Sebbene il divampare della violenza non sorprenda coloro che vivono nel cuore di quella piaga non curata che è Israele-Palestina, questa volta l’entità e l’intensità della violenza sono degne di nota.
Gerusalemme, una città sotto assedio
Il mese del Ramadan, iniziato il 12 aprile 2021, è stato contrassegnato dall’ombra della pandemia da Covid-19. A molti musulmani è stato impedito lo spostamento dalla Palestina a Gerusalemme, per la perdurante diffusione del virus e le poche vaccinazioni eseguite nella zona palestinese. Sebbene Israele continui a controllare quei territori, direttamente o indirettamente, disciplinando l’accesso alle aree considerate autonome, e nonostante il notevole successo che ha ottenuto nella lotta contro il coronavirus, il vaccino non è stato condiviso con i palestinesi.
I musulmani provenienti da Gerusalemme e dall’interno di Israele erano soliti confluire per la notte all’Haram al-Sharif. Quest’anno le autorità israeliane hanno deciso di vietare loro di radunarsi alla Porta di Damasco, la principale via di accesso per i palestinesi che si recano all’Haram. La piazza e le scalinate fuori di questa Porta sono abituale palcoscenico di eventi culturali e il punto d’incontro di tutti coloro che lasciano la Città vecchia prima di tornare a casa. Di solito qui le famiglie si scambiano saluti e notizie in un’atmosfera festosa.
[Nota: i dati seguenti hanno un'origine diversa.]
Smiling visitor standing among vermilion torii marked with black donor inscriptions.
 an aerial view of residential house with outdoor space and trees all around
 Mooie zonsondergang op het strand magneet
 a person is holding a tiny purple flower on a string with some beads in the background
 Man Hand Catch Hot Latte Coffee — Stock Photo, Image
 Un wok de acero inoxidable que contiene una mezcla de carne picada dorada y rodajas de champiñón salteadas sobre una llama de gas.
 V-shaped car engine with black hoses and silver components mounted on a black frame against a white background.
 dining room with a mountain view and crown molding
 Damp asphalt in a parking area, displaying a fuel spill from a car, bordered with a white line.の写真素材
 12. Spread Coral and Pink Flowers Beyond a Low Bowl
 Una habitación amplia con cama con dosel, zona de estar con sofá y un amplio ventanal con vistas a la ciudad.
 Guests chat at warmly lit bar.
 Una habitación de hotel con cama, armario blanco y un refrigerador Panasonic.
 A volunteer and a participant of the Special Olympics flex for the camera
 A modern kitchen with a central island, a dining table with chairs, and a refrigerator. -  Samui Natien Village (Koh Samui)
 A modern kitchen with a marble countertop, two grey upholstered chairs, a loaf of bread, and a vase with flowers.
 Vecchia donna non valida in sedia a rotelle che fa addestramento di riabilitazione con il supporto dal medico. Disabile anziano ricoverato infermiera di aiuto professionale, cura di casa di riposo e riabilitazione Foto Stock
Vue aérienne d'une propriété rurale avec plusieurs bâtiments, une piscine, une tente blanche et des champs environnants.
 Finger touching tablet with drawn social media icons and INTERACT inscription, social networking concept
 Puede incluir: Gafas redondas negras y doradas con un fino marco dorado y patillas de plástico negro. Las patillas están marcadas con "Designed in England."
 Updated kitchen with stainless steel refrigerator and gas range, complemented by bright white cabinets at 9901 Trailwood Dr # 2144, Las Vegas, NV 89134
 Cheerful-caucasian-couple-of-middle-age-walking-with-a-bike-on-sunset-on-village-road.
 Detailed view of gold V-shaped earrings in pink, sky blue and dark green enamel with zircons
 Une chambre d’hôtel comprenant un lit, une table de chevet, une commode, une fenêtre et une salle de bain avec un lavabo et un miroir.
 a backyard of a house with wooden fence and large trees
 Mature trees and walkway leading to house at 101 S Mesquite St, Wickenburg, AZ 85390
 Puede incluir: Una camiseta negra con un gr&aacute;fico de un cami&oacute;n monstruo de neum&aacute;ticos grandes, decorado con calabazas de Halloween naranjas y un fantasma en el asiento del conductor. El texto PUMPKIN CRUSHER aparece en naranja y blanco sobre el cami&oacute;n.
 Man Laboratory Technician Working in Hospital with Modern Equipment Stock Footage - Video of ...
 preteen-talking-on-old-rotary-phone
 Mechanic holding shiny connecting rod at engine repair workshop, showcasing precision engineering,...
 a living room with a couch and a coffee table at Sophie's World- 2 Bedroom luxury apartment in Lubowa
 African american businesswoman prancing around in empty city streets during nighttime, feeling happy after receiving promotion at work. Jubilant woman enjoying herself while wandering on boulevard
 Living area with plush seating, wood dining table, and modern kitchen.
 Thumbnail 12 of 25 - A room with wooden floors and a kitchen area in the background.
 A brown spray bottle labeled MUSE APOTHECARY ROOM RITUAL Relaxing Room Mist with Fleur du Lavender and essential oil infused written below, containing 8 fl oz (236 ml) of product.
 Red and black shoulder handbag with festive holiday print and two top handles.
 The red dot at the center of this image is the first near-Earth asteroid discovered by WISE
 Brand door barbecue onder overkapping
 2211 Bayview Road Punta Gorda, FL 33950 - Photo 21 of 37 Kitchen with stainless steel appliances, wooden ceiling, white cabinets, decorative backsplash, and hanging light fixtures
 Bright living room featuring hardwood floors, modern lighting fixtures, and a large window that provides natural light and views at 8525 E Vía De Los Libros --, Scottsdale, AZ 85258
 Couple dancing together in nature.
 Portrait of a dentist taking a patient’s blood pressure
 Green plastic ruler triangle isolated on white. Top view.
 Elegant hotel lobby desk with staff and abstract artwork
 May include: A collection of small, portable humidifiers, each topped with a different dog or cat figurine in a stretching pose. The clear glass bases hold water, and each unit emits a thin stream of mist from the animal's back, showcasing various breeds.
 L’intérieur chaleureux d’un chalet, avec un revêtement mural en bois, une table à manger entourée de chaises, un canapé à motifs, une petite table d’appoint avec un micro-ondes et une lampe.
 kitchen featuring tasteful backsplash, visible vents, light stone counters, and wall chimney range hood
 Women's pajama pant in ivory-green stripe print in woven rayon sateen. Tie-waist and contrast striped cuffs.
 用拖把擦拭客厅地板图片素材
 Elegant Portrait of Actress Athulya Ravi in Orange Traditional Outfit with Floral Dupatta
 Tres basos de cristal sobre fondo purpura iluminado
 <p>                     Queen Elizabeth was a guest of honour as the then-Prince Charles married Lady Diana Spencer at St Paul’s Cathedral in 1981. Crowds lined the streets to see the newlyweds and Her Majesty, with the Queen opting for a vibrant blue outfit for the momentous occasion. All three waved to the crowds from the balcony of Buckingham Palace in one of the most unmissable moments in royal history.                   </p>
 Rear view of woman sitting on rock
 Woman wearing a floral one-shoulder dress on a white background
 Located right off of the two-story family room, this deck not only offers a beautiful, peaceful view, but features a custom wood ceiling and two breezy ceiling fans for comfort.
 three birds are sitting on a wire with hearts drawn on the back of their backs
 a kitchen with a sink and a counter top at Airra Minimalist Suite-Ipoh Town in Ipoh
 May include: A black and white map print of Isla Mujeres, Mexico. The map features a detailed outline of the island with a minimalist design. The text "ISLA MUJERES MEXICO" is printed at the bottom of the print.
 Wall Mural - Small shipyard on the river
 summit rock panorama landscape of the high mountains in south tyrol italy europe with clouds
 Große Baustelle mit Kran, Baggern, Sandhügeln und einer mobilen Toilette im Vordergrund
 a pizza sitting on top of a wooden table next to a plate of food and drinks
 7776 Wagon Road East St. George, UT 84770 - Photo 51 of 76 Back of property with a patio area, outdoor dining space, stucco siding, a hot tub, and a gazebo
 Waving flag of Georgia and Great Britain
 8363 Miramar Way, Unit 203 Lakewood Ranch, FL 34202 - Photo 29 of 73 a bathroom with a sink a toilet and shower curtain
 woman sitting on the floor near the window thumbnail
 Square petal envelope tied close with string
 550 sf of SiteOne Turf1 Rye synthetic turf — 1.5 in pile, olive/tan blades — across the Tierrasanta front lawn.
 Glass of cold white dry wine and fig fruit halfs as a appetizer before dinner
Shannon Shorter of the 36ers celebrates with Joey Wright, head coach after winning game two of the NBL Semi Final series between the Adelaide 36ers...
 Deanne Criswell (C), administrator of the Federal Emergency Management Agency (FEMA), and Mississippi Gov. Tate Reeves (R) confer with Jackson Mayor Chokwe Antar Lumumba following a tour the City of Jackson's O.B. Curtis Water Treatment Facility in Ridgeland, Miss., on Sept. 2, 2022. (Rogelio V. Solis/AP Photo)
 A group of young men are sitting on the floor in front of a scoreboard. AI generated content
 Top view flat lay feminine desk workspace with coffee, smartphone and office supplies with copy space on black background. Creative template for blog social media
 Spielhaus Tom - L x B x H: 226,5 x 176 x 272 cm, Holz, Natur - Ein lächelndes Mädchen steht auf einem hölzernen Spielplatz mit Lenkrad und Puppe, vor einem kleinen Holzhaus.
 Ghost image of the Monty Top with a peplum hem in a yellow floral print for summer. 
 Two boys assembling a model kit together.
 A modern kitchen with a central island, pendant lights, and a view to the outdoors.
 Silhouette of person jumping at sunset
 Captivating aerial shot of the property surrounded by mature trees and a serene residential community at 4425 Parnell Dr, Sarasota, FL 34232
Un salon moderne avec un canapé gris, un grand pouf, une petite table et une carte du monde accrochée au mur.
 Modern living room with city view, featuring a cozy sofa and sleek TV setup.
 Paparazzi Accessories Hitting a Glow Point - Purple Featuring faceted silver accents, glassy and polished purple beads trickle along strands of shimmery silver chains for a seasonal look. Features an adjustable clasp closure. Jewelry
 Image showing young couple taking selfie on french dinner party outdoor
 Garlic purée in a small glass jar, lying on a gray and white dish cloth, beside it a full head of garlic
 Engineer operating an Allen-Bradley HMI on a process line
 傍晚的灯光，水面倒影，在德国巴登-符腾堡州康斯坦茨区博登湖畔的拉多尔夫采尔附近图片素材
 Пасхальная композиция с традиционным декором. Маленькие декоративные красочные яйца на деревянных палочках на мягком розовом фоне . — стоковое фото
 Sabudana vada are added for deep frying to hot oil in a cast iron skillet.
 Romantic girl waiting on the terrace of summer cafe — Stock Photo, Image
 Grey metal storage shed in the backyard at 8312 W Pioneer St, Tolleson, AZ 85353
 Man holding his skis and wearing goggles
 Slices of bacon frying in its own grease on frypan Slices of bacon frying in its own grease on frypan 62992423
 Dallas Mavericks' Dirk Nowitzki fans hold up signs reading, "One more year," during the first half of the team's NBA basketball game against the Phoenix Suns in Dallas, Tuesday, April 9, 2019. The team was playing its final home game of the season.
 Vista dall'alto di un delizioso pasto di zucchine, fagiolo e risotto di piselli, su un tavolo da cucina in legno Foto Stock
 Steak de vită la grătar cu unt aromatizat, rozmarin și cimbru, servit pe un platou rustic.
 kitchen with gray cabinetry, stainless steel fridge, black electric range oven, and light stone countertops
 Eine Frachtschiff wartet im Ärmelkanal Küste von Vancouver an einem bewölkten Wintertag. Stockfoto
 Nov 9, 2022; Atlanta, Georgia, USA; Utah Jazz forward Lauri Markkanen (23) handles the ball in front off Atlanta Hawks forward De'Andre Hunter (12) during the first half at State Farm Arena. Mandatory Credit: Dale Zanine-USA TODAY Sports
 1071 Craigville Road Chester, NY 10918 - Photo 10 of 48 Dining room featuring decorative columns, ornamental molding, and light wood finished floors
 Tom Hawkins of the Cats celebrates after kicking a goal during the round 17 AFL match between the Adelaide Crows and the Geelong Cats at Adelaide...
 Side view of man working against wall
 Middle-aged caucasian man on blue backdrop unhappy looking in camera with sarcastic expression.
La polizia israeliana si è presentata in forze e ha transennato l’area, disperdendo i musulmani che tentavano di radunarsi. Le successive proteste della comunità palestinese, guidate da giovani arrabbiati, hanno denunciato l’azione della polizia come un simbolo del perdurante e inarrestabile tentativo israeliano di impadronirsi dell’intera Gerusalemme Est.
Gli scontri intorno alla Porta di Damasco si sono estesi all’area dell’Haram. Le forze armate israeliane sono penetrate nelle moschee, e molte persone sono state ferite e arrestate all’interno della sacra spianata. Vedere l’intero Haram trasformato in una zona di guerra ha sconvolto, ancora una volta, i musulmani di tutto il mondo.
Poco a nord dell’Haram, il quartiere di Sheikh Jarrah è teatro di un altro tentativo israeliano che dura da anni. Si tratta di uno scenario di crescente violenza, fomentato dagli sfratti imposti a famiglie palestinesi a cui è stato ingiunto di abbandonare le case che avevano occupato all’indomani della guerra del 1948, quando fu istituito lo Stato di Israele. Queste famiglie, fuggite dal territorio divenuto israeliano, si stabilirono in proprietà fino allora abitate da ebrei, a loro volta insediatisi nelle nuove aree disponibili.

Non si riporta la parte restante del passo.